Vladimir got up from his bed. He sincerely rubbed my shoulder, just as I had lied before. But I sensed that Vladimir was also holding back his sadness. “Why didn't you tell me that earlier? I can help you love stations again, like we used to when we were in school! I'll do anything, even if it's just covering your eyes while walking through the station or on the train!”
"I didn't want my own problems to bother you. And I thought when you stopped bringing it up, you were just joking."
"When I saw your increasingly uncomfortable face, I realised that you really didn't like talking about trains. So I stopped bringing it up.
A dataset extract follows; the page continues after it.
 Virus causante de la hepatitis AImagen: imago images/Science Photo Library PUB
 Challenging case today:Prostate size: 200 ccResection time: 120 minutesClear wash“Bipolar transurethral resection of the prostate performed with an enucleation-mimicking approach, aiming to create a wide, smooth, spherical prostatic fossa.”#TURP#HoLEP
I've been trying to find topics from the past that weren't related to those two things. But... there weren't any. Almost all of our pasts were at the station or on the train."
"It's as if those two places were silent witnesses to our lives..." I muttered. Vladimir nodded slowly.
"I'm sorry, Vova..."
"I'm sorry too, Borya..."
We didn't speak to each other in the room after that. I stared out the window, while my brother lay back down on his bed. Even so, I felt that both Vladimir and I were weaving together every memory we had since childhood....
...Becoming a memory station, where the train was trying to carry away my trauma, of the two silent witnesses that had accompanied us all this time.